Why does bash set $? (exit status) to non-zero on Ctrl-C or Ctrl-Z?

Because 0 is the exit code for a normal exit state.

Intercepting an Interrupt or Break signal is not a usual exit state, nor is being suspended to the background. The non-zero exit codes tell you this is what is happening so that you can react accordingly in a script if the job it fires off is killed or suspended rather than exiting conventionally with a non-error state.

The interactive shell session, when you press ^C, which throws a SIGINT signal (signal 2), aborts the current interactive command entry, which is a non-normal state for the command entry (i. e. the command prompt) to be in. This causes it to return status 130 (128+2), and give you a new prompt.
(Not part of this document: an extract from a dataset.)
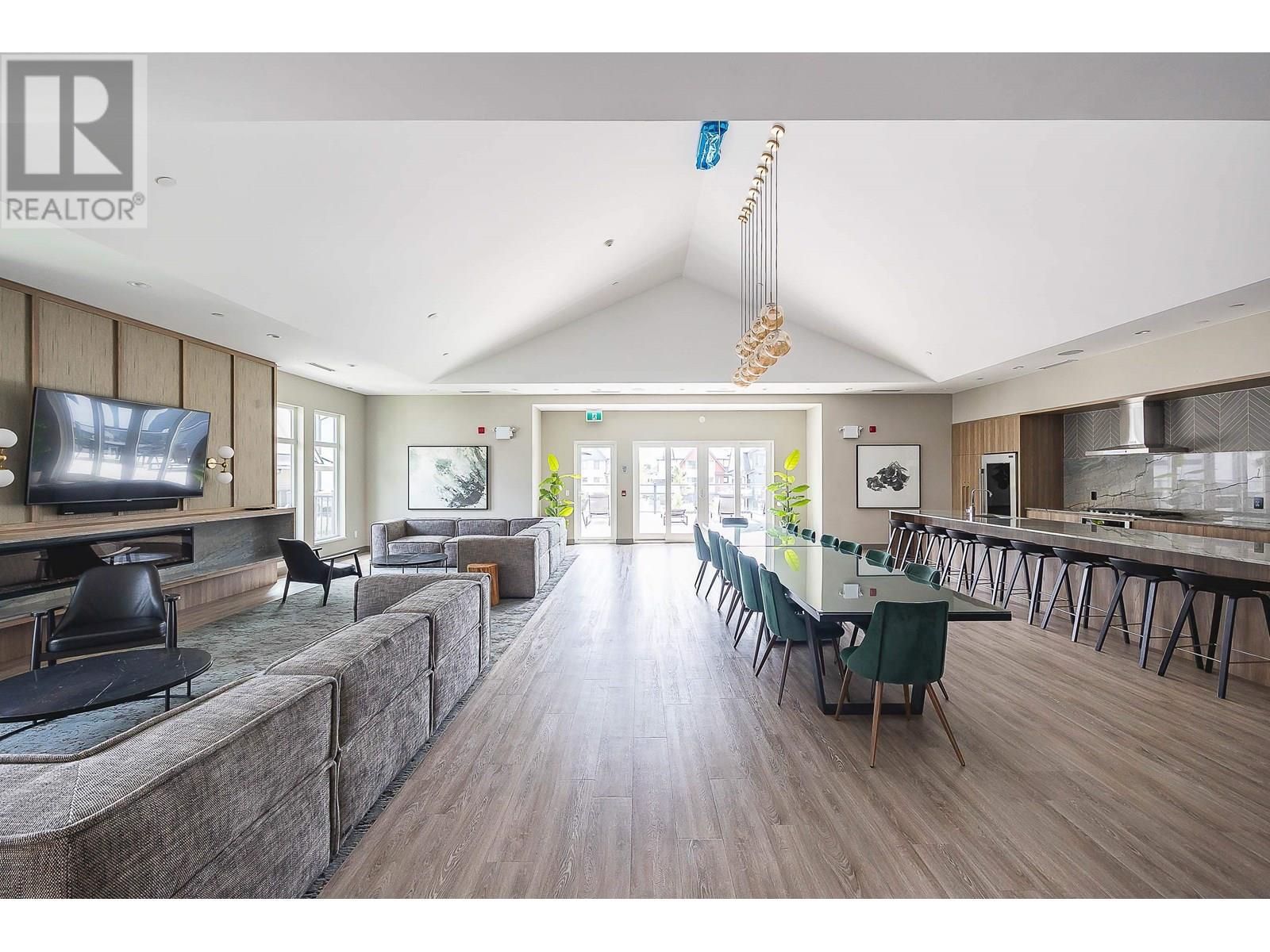 1 19451 SUTTON AVENUE, Pitt Meadows real estate listing R3014247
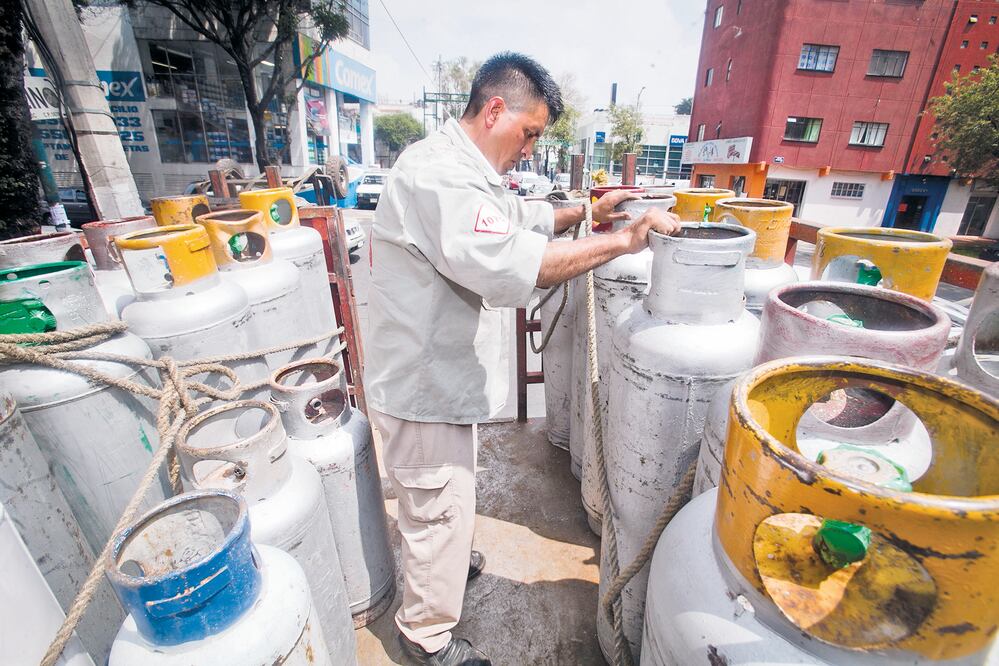 Entre los bienes y servicios cuya alza incidió más en la inflación estuvo el gas doméstico LP. Foto: Archivo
More details can be found at http://tldp.org/LDP/abs/html/exitcodes.html#EXITCODESREF.


When you press Ctrl+C on the command line, nothing exits, but the handler for SIGINT (sigint_sighandler()) sets the exit status to 130 (128 + 2, as DopeGhoti's answer explains) anyway:

if (interrupt_immediately)
  {
    interrupt_immediately = 0;
    last_command_exit_value = 128 + sig;
    throw_to_top_level ();
  }

And in throw_to_top_level():

if (interrupt_state)
  {
    if (last_command_exit_value < 128)
    last_command_exit_value = 128 + SIGINT;
    print_newline = 1;
    DELINTERRUPT;
  }

When you press Ctrl+C to kill a background process, the shell observes that the process has died and also sets the exit status $? to 128 plus the signal number.

When you press Ctrl+Z to suspend a background process, the shell observes that something has happened to the process: it hasn't died, but the information is reported through the same system call (wait and friends). Here as well, the shell sets the exit status $? to 128 plus the signal number, which is 148 (SIGTSTP = 20).